BOSTON (CBS) — So Clay Buchholz is gone, traded today in exchange for a marginal prospect in the Philadelphia Phillies organization. Incredibly, there are people celebrating this.
Oh, you short-sighted fools.
Let’s start here: when did it become desirable for the Red Sox to shed salary for the purposes of staying below the luxury tax threshold? They’re the Red Sox, people. They have more money than most organizations in baseball. Buchholz is due $13.5 million in 2017 – a bargain by modern major league standards – and his contract is up after next season. Most organizations might view that as some sort of expensive insurance policy, but here, in Boston, that is the cost of doing business.
The Red Sox had seven starters on the roster after the acquisition of Chris Sale, including: David Price, Rick Porcello, Drew Pomeranz, Steven Wright, Eduardo Rodriguez and, of course, Sale himself. Buchholz was the seventh. Trading him makes sense if you believe the Red Sox will only need five starters in 2017, and we all know that most every team needs more than five. They are likely to need seven, eight or beyond, which means Boston had as deep an arsenal of starting pitching as anyone in the game.
Don’t you see? After the Sale deal, it made more sense to keep Buchholz than it did to deal him, something the Red Sox learned last year when Buchholz went 4-1 with a 3.17 ERA in his final 11 games (including eight starts) over the final two months. Can you rely on him? Of course not. But Buchholz was always more than serviceable as middle- or back-end-of-the-rotation guy, which is what he would have been on this team.
Let’s say that again. If Buchholz is one of your top two or three starters, you’re asking for trouble. But put him down at No. 4 or below and, well, you’re likely to get something out of him during the regular season.

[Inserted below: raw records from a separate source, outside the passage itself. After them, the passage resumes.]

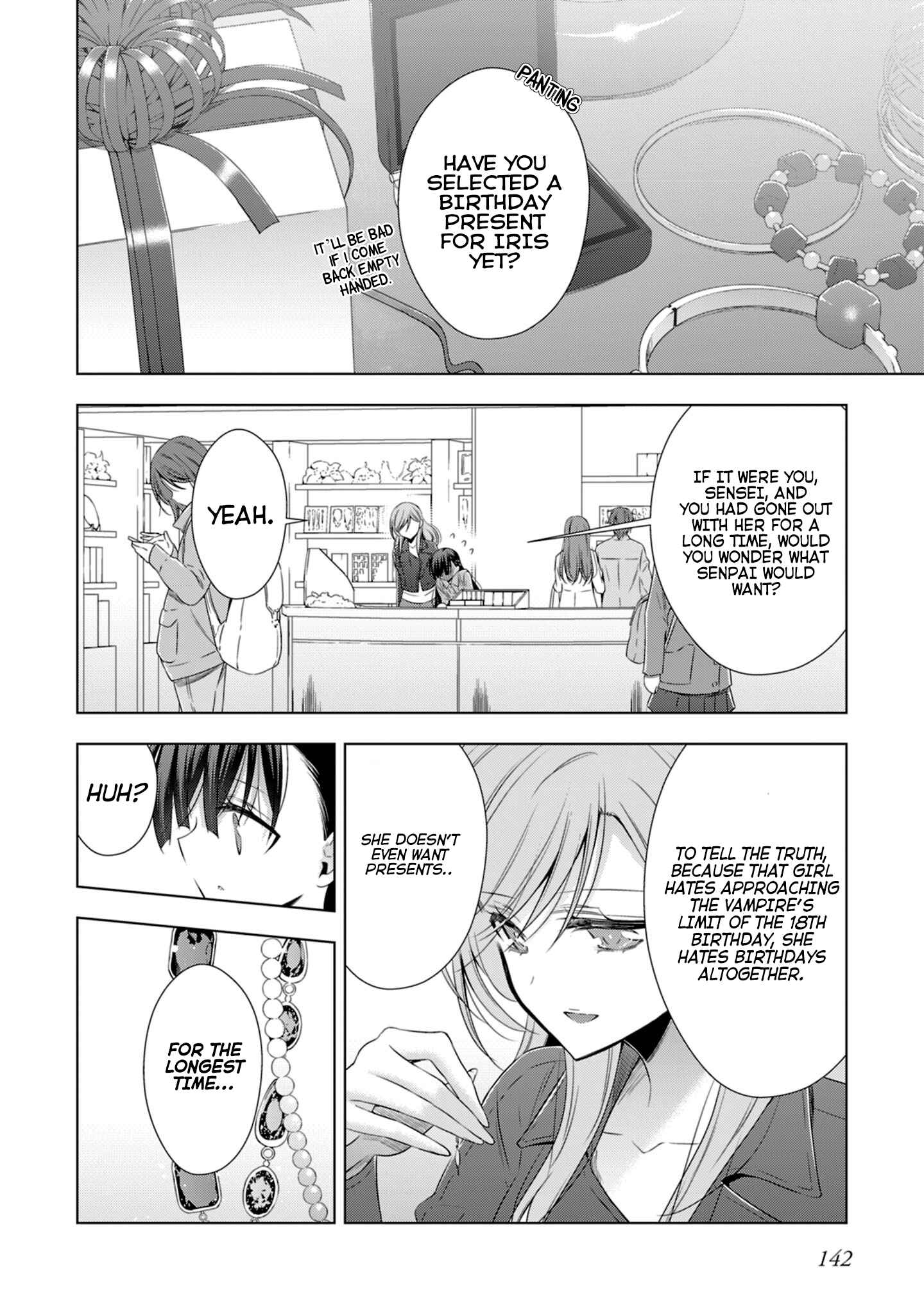 Page 14 Chapter 16 Vampire x Junior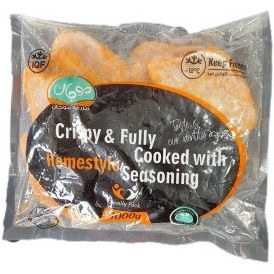 تصویر شنیتسل مرغ 75% 1 کیلو موجان 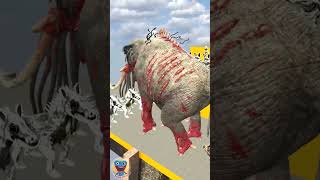 EVOLUTION OF ORIGINAL ZOOCHOSIS MONSTER  RESCUE ELEPHANT KIND ANIMAL FROM ZOONOMALY FAMILY in Gmod [upl. by Grosmark]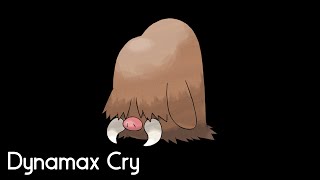 Dynamax Piloswine Cry [upl. by Hgielra]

If the Red Sox were worried about the glut of pitchers in their rotation, they could have solved the “problem” by moving someone to the bullpen, most notably Pomeranz, who has been a more effective reliever than starter, especially in the American League. They could have found a way to stash Steven Wright, be it as a long man or with a phantom injury. They could have held onto as many arms as possible.
Think about it: earlier this month, upon acquiring Sale at the winter meetings, president of baseball operation Dave Dombrowski said that when a team has a chance to win, you “go for it.” Trading Buchholz does nothing to support that assertion, unless the Sox think A-Ball infielder Josh Tobias (whom they acquired in the Buchholz deal) is going to help them win a championship in 2017.

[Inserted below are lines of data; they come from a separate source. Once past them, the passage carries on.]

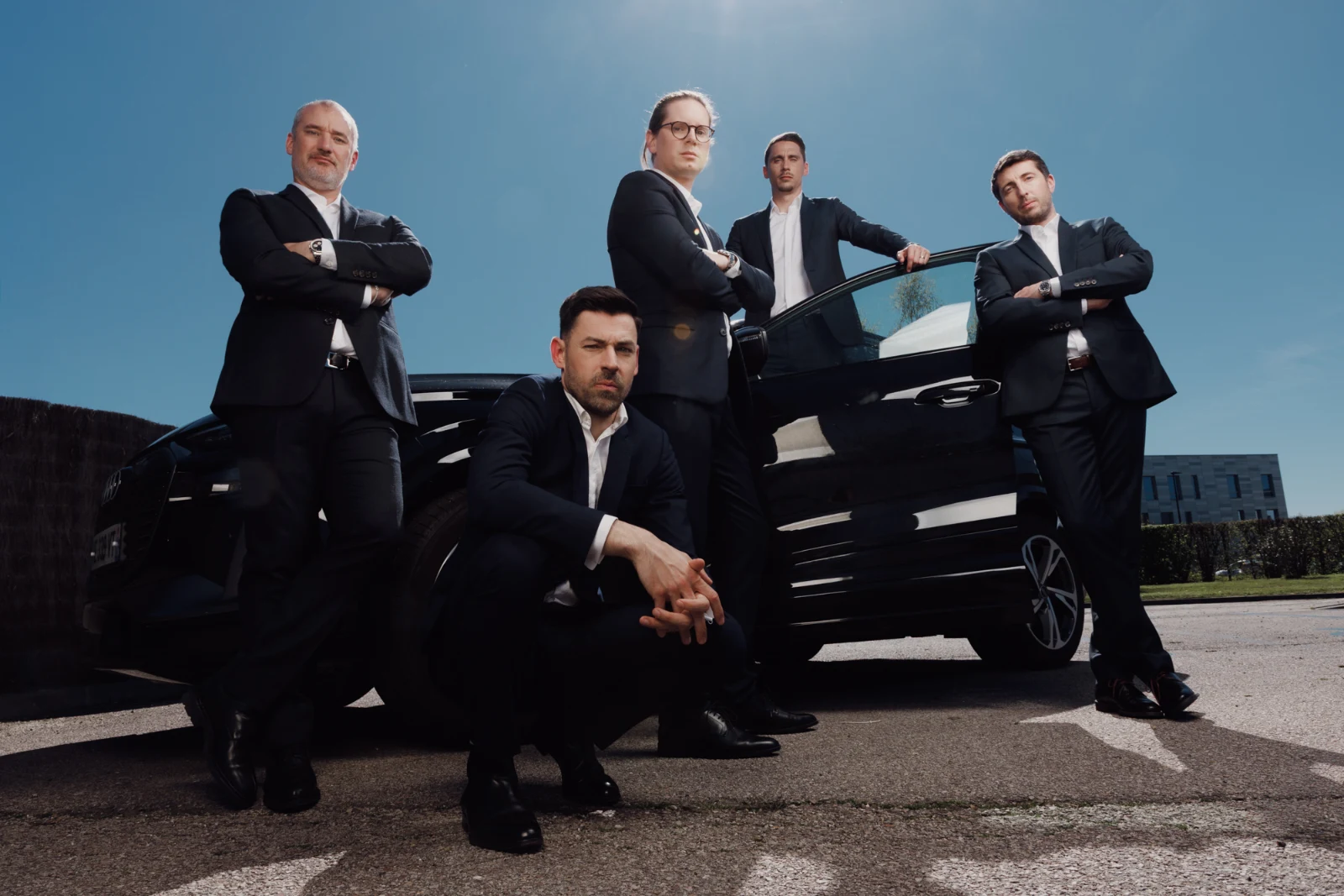 Portrait corporate — David Morganti, photographe à Rouen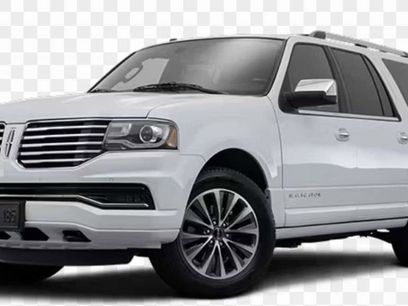 Used 2015 Lincoln Navigator 4WD
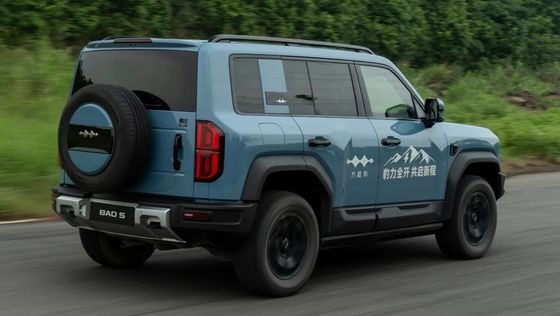 সর্বশেষ লঞ্চ করা বাইড লেপার্ড ফ্যাংচেংবাও ৫ ২০২৪ পিএইচইভি ইলেকট্রিক কার ৪.৮s 0-100km/h ত্বরণ ১২৫km CLTC নতুন ইভি কার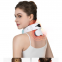 Hot selling home Wireless remote control 3d neck relaxing massager Intelligent infrared physiotherapy neck care massager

Now the real rub: When did Sox fans and/or critics decide that the Sox couldn’t pay a luxury tax, even at 50 percent, for any amount over $195 million? What a crock. And before anyone starts talking about draft-pick penalties for exceeding the tax, well, it certainly doesn’t seem like Dombrowski has had any regard for the Red Sox farm system over the last 12-15 months, when he has dealt away many of the team’s best organizational players for pickups like Pomeranz and Tyler Thornburg.
Look, we all get it. Sale is in, Buchholz is out. That’s an upgrade. But if the Sox were truly looking to “go for it,” in 2017, wouldn’t they have been better off keeping both?